Ce serait mal connaître la France que de lui prêter d'aussi ridicules intentions. A l'heure où une véritable "course aux îles" met aux prises les pays d'Occident, pour qui la possession du moindre rocher représente la possibilité d'un relais aérien, d'une escale, la France abandonnerait Saint-Pierre, "désaffecterait" ces îles et donnerait ainsi raison à ceux qui lui dénient toute qualité de puissance colonisatrice.?
Il ne peut en être question.
— Au contraire, m'apprend M. Michel Geistdoerfer que je rencontre ce matin devant cette chambre des métiers de Dinan qu'il a fondée, nous allons sauver notre colonie de la déchéance qui la guette. On a trop ignoré, en France, quelle était la situation économique de nos deux îles, les seuls restes de notre empire d'Amérique du Nord. Ruine, misère, chômage.. tous les malheurs sont venus à la fois. Mais, nous allons y remédier d'urgence. Tenez, voici le programme sur lequel nous nous sommes arrêtés et qui devra être exécuté sans retard.
DRAPEAU DE ST PIERRE ET MIQUELON |
Le Quai des Brumes.
— Où est-elle, monsieur, nous disait un Saint-Pierrais, l'époque où l'on buvait du champagne à même les tonneaux ! C'est bien fini maintenant. Tout ça c'est de l'histoire ancienne...
De fait, la colonie a une histoire; cela vaut dire qu'elle a connu des jours malheureux, des heures funestes mêlées à des heures glorieuses, des années sombres et des moments de prospérité. Mais ces derniers ont été toujours les plus courts... Depuis plus de 250 ans que nous appartient l'archipel, la chronique saint-pierraise ne compte plus les catastrophes économiques et les infortunes militaires : nos amis les Anglais y firent de fréquentes incursions et, à plusieurs reprises, de longs séjours.
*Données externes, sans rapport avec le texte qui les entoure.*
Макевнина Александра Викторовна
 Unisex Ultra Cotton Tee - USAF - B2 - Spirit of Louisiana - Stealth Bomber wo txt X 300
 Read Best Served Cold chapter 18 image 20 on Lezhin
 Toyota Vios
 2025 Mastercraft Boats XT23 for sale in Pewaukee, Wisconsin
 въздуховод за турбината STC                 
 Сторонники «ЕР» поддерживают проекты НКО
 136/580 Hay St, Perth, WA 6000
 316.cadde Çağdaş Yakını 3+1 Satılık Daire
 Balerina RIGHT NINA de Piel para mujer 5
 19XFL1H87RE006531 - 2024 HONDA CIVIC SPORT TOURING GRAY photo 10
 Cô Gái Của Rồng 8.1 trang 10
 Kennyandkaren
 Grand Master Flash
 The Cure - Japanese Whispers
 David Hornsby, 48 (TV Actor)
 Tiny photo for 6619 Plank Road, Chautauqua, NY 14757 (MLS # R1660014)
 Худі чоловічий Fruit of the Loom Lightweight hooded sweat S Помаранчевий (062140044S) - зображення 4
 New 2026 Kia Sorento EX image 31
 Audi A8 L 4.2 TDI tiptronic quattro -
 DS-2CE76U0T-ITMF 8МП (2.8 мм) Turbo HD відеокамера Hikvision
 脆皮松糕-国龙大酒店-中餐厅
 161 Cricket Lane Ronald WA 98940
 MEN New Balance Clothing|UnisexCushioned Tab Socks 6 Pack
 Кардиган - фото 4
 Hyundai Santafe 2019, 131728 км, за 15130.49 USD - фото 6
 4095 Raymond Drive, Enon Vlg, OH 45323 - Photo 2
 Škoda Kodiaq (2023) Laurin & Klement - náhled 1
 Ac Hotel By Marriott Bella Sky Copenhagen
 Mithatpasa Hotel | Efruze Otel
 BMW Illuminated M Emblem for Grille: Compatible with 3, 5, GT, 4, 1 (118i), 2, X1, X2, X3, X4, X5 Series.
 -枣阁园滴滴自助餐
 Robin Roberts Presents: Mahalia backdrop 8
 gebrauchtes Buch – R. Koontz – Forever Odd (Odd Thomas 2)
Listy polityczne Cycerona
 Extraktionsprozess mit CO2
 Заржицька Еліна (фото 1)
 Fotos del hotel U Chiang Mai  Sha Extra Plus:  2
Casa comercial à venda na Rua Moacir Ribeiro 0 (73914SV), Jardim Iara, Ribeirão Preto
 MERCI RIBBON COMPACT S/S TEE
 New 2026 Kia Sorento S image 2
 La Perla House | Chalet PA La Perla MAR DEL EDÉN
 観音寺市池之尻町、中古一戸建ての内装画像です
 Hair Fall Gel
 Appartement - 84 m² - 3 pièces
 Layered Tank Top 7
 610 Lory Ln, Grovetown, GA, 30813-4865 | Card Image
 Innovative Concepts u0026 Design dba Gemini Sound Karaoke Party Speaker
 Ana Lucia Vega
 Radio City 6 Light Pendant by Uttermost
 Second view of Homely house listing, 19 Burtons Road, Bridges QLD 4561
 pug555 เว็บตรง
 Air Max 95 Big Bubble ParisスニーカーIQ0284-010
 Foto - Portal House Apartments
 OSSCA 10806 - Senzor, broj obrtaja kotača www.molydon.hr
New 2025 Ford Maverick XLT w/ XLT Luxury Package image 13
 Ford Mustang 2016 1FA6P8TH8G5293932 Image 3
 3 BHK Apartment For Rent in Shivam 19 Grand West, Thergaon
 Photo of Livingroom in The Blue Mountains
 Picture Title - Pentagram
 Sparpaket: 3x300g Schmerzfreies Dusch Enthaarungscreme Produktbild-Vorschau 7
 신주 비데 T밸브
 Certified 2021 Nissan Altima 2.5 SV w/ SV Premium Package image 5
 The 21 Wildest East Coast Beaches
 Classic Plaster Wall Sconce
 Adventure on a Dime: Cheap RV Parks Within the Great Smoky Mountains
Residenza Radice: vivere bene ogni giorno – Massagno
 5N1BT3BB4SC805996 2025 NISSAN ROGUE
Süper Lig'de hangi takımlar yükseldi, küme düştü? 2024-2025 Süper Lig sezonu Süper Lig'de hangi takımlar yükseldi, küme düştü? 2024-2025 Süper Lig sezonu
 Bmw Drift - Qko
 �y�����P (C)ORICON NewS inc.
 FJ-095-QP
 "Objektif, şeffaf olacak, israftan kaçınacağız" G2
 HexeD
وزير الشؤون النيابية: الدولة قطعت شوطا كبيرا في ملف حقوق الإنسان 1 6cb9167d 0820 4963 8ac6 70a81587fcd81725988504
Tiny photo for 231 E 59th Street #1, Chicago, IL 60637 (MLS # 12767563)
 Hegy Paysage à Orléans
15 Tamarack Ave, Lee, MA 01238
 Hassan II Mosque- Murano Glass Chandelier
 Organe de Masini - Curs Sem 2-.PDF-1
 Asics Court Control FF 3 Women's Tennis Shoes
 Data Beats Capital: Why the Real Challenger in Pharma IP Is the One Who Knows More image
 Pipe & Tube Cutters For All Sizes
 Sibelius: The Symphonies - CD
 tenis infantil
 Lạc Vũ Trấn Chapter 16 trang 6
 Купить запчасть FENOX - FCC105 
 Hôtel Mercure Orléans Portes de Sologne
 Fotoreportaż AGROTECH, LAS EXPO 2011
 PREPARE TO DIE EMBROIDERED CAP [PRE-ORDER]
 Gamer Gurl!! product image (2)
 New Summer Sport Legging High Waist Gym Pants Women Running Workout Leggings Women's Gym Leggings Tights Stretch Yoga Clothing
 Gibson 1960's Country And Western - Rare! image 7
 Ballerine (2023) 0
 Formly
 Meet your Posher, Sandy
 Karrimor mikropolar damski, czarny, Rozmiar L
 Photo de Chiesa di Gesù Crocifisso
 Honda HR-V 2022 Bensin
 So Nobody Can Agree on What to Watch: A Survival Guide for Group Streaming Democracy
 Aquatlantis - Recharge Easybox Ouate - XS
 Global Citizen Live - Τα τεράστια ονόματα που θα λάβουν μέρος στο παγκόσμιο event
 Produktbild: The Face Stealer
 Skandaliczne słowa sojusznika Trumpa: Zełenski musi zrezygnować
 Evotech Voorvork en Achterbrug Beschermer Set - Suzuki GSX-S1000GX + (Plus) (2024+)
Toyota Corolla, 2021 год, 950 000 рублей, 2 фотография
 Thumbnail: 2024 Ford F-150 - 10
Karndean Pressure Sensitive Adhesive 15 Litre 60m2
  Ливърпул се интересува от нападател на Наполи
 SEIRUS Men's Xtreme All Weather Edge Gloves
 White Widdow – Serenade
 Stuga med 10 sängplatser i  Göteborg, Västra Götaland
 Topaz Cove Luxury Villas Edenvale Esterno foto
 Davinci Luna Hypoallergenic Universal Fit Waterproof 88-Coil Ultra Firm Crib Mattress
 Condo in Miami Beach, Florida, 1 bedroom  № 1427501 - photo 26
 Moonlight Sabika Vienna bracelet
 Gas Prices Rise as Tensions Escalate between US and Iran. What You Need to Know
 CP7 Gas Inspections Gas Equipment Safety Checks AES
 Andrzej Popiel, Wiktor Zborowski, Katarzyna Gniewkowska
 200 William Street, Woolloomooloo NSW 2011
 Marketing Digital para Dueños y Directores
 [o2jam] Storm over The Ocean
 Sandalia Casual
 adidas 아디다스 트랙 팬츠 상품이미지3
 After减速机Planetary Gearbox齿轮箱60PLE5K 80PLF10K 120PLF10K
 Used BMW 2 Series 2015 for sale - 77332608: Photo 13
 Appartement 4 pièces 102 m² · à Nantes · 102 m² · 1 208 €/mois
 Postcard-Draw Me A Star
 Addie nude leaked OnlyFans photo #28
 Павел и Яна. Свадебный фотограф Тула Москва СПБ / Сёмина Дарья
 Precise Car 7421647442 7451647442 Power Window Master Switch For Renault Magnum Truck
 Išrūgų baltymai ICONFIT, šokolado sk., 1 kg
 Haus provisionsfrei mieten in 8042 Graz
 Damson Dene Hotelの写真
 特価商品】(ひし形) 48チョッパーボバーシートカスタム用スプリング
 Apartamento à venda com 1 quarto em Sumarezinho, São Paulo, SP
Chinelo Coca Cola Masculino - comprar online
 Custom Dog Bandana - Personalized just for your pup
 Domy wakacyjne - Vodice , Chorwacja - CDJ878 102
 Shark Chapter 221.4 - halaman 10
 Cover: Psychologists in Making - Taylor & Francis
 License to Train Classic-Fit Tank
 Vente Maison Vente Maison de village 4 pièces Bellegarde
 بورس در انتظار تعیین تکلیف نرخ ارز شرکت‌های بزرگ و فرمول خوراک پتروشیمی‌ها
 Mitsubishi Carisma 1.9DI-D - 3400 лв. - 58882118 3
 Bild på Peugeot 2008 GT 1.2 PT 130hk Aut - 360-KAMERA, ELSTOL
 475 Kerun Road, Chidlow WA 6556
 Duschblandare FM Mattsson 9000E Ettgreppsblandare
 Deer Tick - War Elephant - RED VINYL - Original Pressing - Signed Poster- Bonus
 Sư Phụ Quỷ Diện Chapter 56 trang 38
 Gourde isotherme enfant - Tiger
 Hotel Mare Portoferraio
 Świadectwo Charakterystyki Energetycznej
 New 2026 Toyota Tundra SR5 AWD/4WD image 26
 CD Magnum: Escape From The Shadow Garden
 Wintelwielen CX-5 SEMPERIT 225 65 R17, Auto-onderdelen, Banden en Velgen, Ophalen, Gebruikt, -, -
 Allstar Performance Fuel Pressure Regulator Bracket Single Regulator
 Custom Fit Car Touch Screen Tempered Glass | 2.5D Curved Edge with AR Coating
En 1793, leur flotte s'empara de Saint-Pierre. Toutes les maisons furent détruites : dans la crainte qu'elles ne fussent rapidement reconstruites, on emporta les matériaux et cet arbre de la Liberté que les sans-culottes saint-pierrais venaient de planter devant la maison commune, un beau sapin qu'ils étaient allés chercher à Terre-Neuve, car il n'y avait pas d'arbres à Saint-Pierre.